(Short descriptive text snippets)
▼

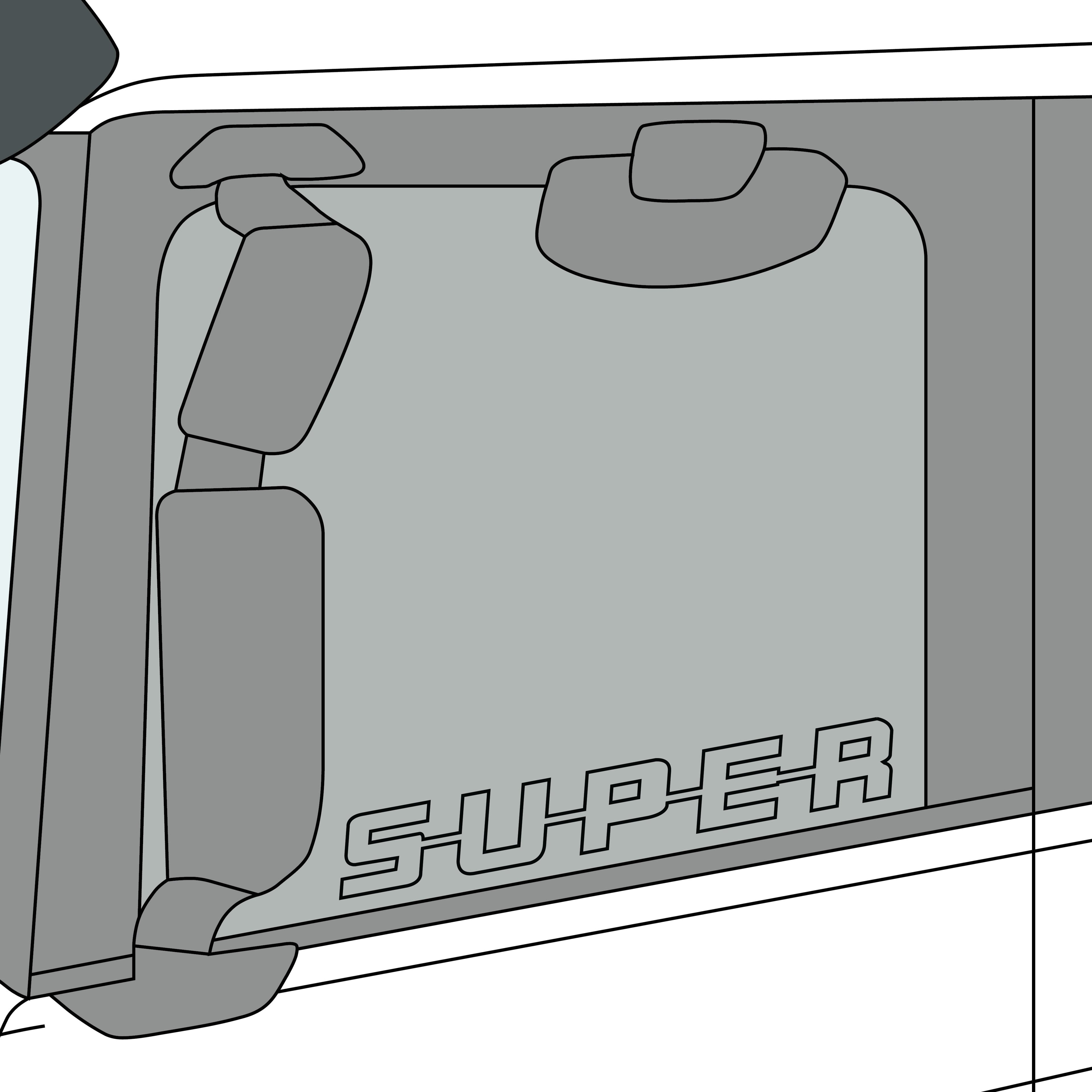 SUPER Side Window Stickers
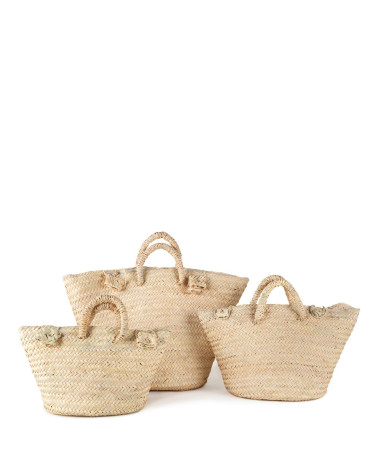 MALETIN PALMA NATURAL S 33X15X16 CM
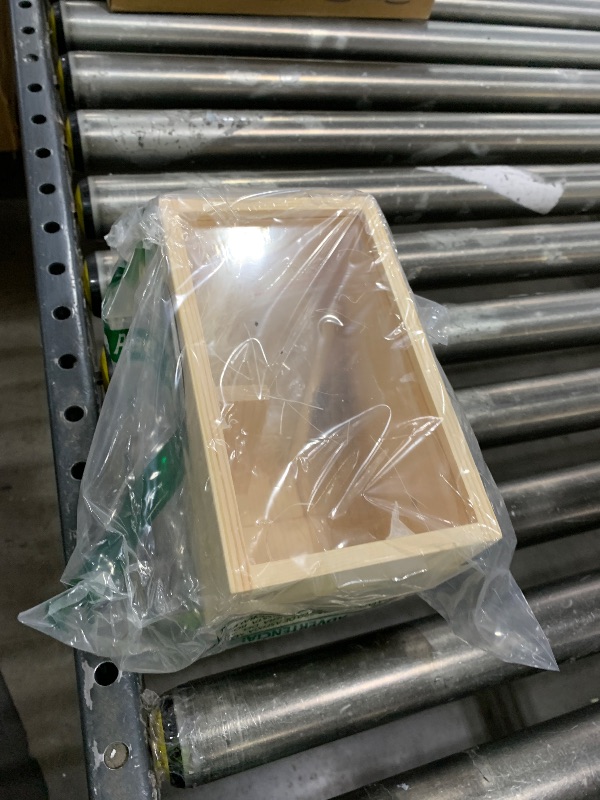 Photo 1 of MUYG Parakeet Nesting Box,Transparent Bird Nest Boxs Natural Wooden Breeding Box 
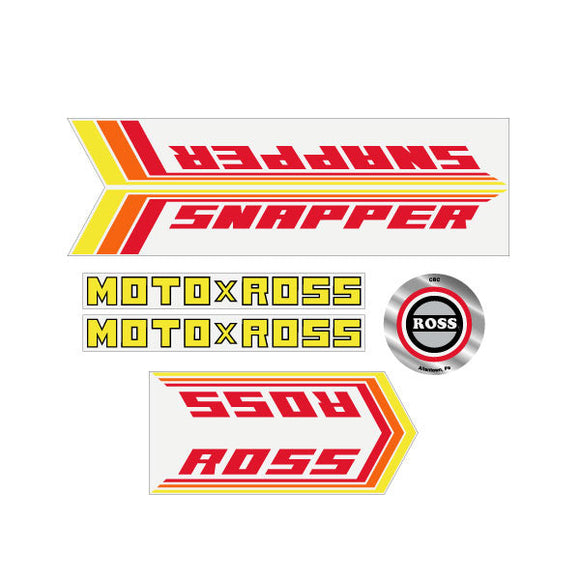 Ross - Snapper - Red decal set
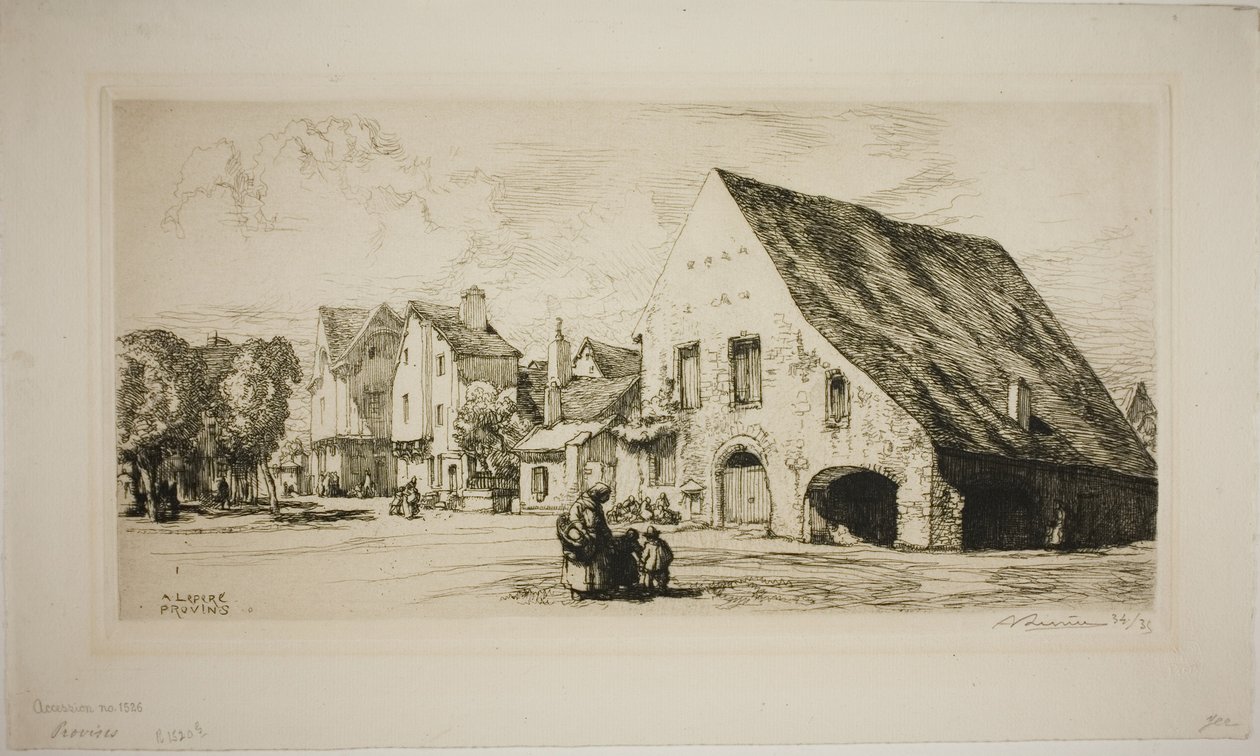 Provins de Louis Auguste Lepère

▲

All of the entries above are to be duplicated exactly, with every image left out.

• [Response]:
 SUPER Side Window Stickers
 MALETIN PALMA NATURAL S 33X15X16 CM
 Photo 1 of MUYG Parakeet Nesting Box,Transparent Bird Nest Boxs Natural Wooden Breeding Box 
 Ross - Snapper - Red decal set
 Provins de Louis Auguste Lepère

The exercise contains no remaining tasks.